In the December 2020 release notes, Snowflake made mention of a feature that got way too little press. The mention of it was so slight that only hardcore Snowflake aficionados rang alarm bells.


This is probably one of the most understated features Snowflake has ever released and the downstream repercussions of it will reverberate across the entire platform. To understand why, we need to piece apart a Snowflake session, synchronous queries, and asynchronous queries.

One of the imposed limits that Snowflake had was that each session could only have one synchronous query occurring at a time. Now Snowflake is a very fast database, so for a vast majority of analytical use cases, this limitation really doesn’t matter. But in cases where many queries were lined up, lots of gymnastics were required to fire off that queue of queries. Imagine Snowflake’s query engine is a bullet train, and you have a long line of people ready to board the train. Now imagine that the bullet train only allowed 1 passenger at a time. This was frustrating, to say the least.
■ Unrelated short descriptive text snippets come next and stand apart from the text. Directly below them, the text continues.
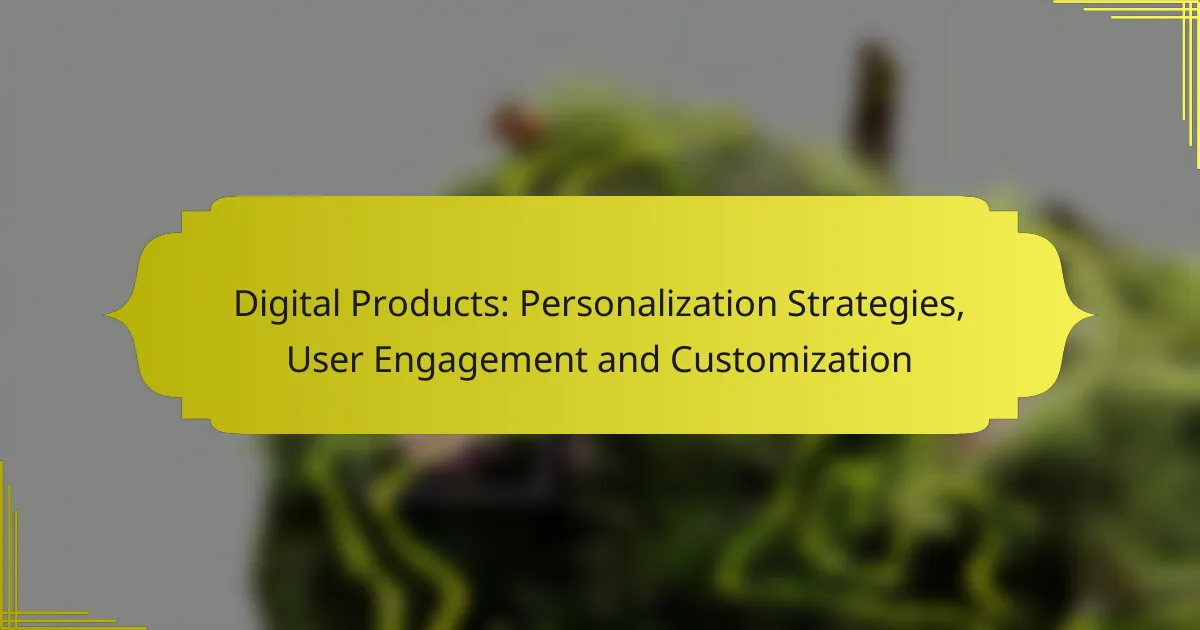 Digital Products: Personalization Strategies, User Engagement and Customization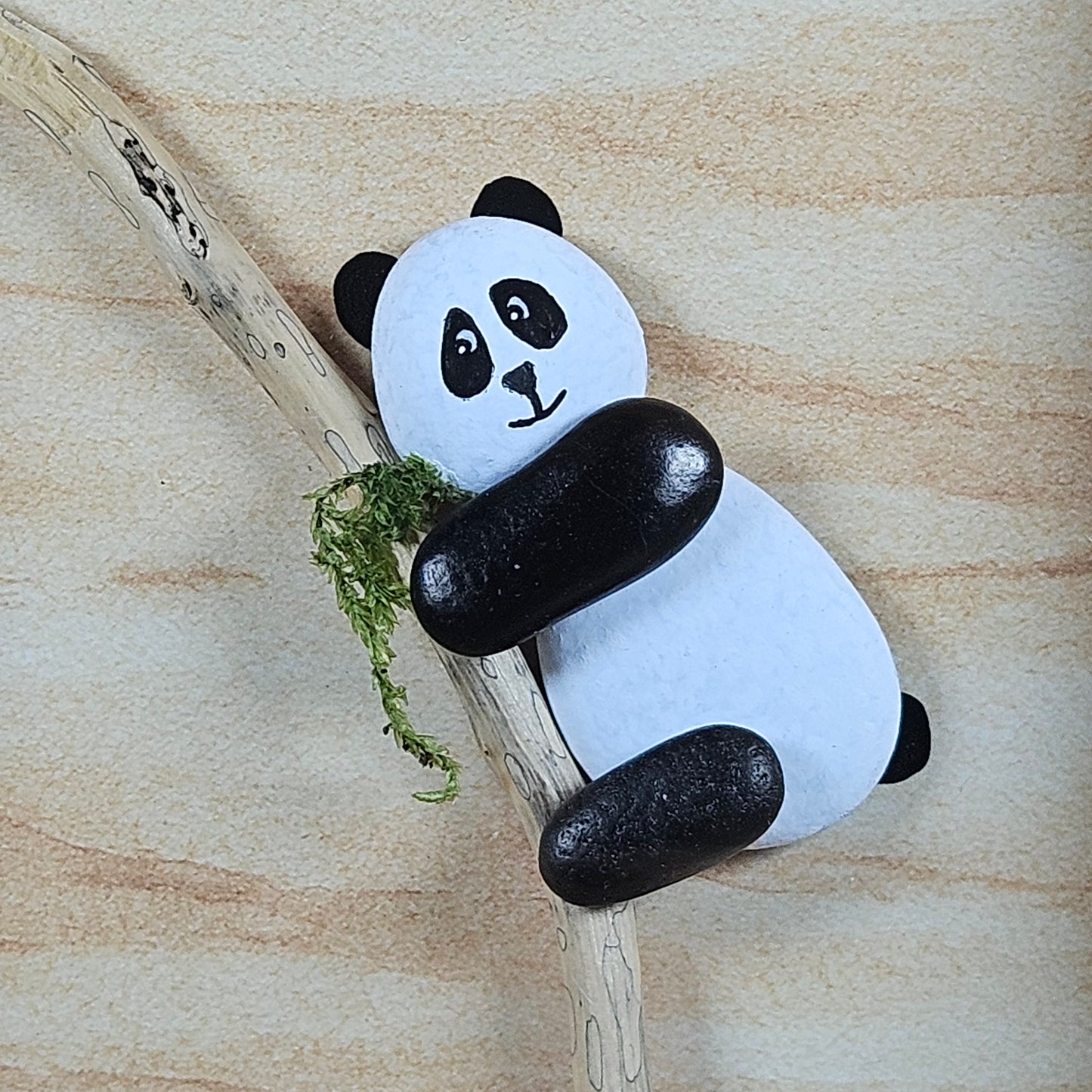 Petit Panda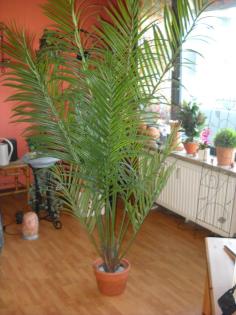 Dekorative naturgetreue Areca-Kunstpalme im Teracotta-Übertopf 190 cm zu verka
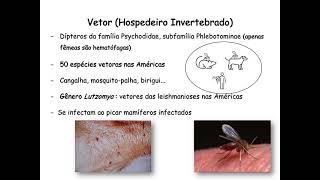 Leishmanioses  Aspectos clínicos imunológicos e laboratoriais [upl. by Geibel331]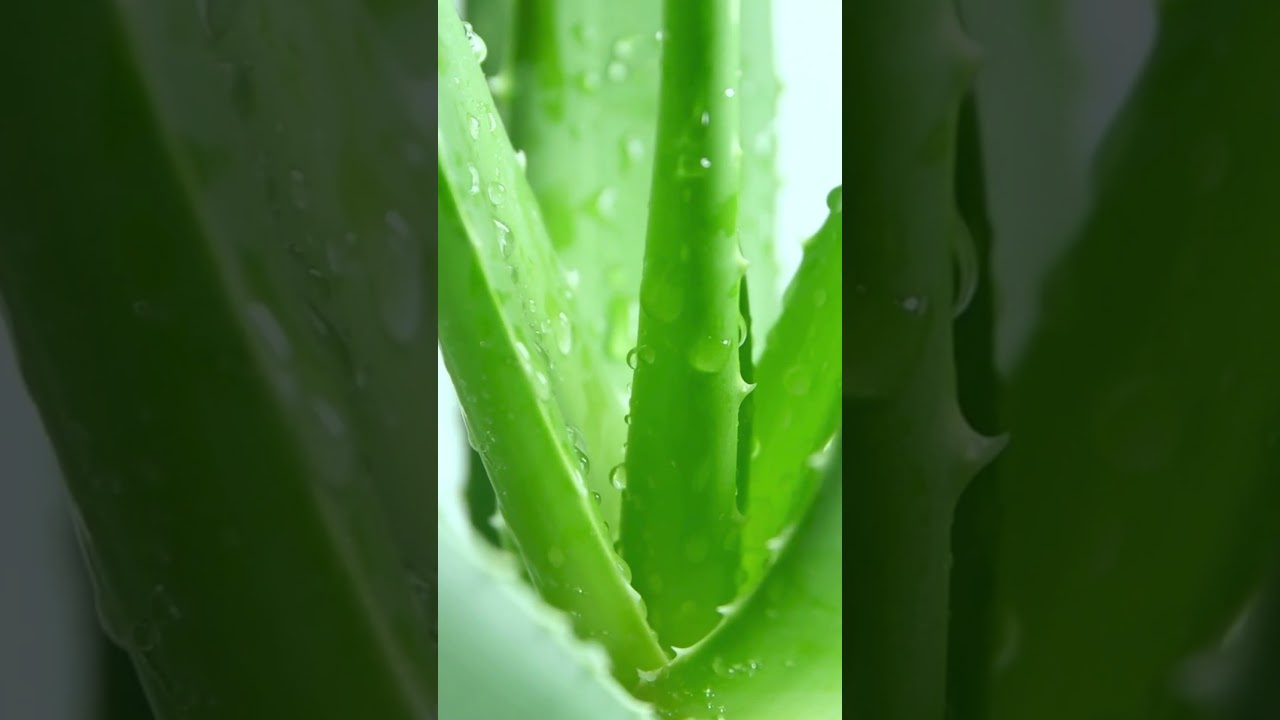 Celery Juice with Aloe Vera Jelly – Pineapple Flavor | A Healthy Refreshing Drink
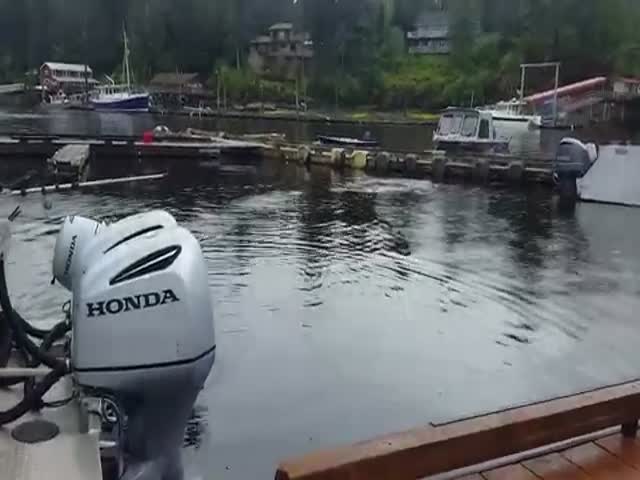 Huge Whale Caught On Camera Having A Snack In Ketchikan, Alaska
The workaround was to open a new session. So the outcome would be the opening of many sessions to execute the queries, which does work, but not without the overhead of opening the sessions themselves. So if you have 100,000 queries those sessions add legitimate overhead. Today DASK managed sessions help smooth out this process to monitor each session and execute the queries. However, the other frustration with the synchronous approach is that the open compute is often not fully utilized. So like our bullet train example, there might be lots of room left for people to board the train, but that space gets unused. This unused compute space gets billed for the same amount because open-compute is open-compute, whether it’s completely occupied or not.

 

100,000 queries?


But wait a second, 100,000 queries? Why would anybody need to fire off that many queries? There’s actually a whole bunch of data-oriented events that could get value from this. First and foremost the data integration pipelines. When data needs to be transformed, imagine being able to execute all the non-dependent queries in a single session (bullet train). In some cases, the impact could be dramatic, as in 50-100X faster. Now think about how fast Snowflake already is at processing data transformations. You get the idea of how incredible this could be. The big one on the horizon is data science and machine learning – more on that later.
So asynchronous queries mean that a single session can fire off thousands of queries. But what does that mean? What does that even look like??? Should we queue the Michael Bay special effects?
This is where Python comes into the picture. Remember the intent is to allow many queries to fire, so it's not like running a query and seeing data. The results are written in Snowflake, if you want to query them you can. Additionally, when asynchronous queries are being orchestrated by Python, Python is in control of the process. So at least in this iteration, there are no multi-step SQL queries allowed. If a query has an error and the Python isn’t written to stay open and log the error, you may miss it. Also, firing queries like this does have some limitations that bump up against ACID requirements. For example, you can’t run an asynchronous UPDATE statement to a single table because an UPDATE forces the metadata pointers to adjust to the new “latest record” which will deadlock the table. Additionally in its current iteration, Snowflake caps the number of asynchronous single table INSERTs at 20. On the 21st asynchronous INSERT, the subsequent INSERTs will fail. Intricity has successfully circumvented this cap using Python to manage the INSERTs during the session. Additionally, the order of submission is not necessarily the order of execution, the queries are LITERALLY asynchronous meaning they will run as soon as the compiler has them ready. To manage the complexity of orchestration, there is a balance in Python between leveraging asynchronous and synchronous jobs to create landmarks and controls to pause for dependencies.

 

RESULTS_SCAN... An Annoyance to Feature


If you’ve ever hated using RESULTS_SCAN, then you’re not alone. Most SQL experts are accustomed to system metadata commands producing queryable results. However, in Snowflake that becomes a two-step process using the SHOW command and the RESULTS_SCAN. What many Snowflake users don’t know is that the RESULT_SCAN turns out to be persisted for every query in Snowflake for 24 hours. So this thing that many SQL experts didn’t like, turns out to be a massive advantage when it comes to programmatic pipelines like the ones created in Python. This is because programmers can leverage the use of query_id’s to drive the “memory” of the application. All Python needs to know from Snowflake is the ID’s of the queries, and leverage Snowflake’s RESULT_SCAN command to execute further events/queries, and that RESULT_SCAN is persisted for 24 hours to be used and reused, as long as the role and user that produced it is running the query. What this also means is that machine learning events and other iterative applications can be wickedly lightweight to process because there’s no moving any data out of Snowflake.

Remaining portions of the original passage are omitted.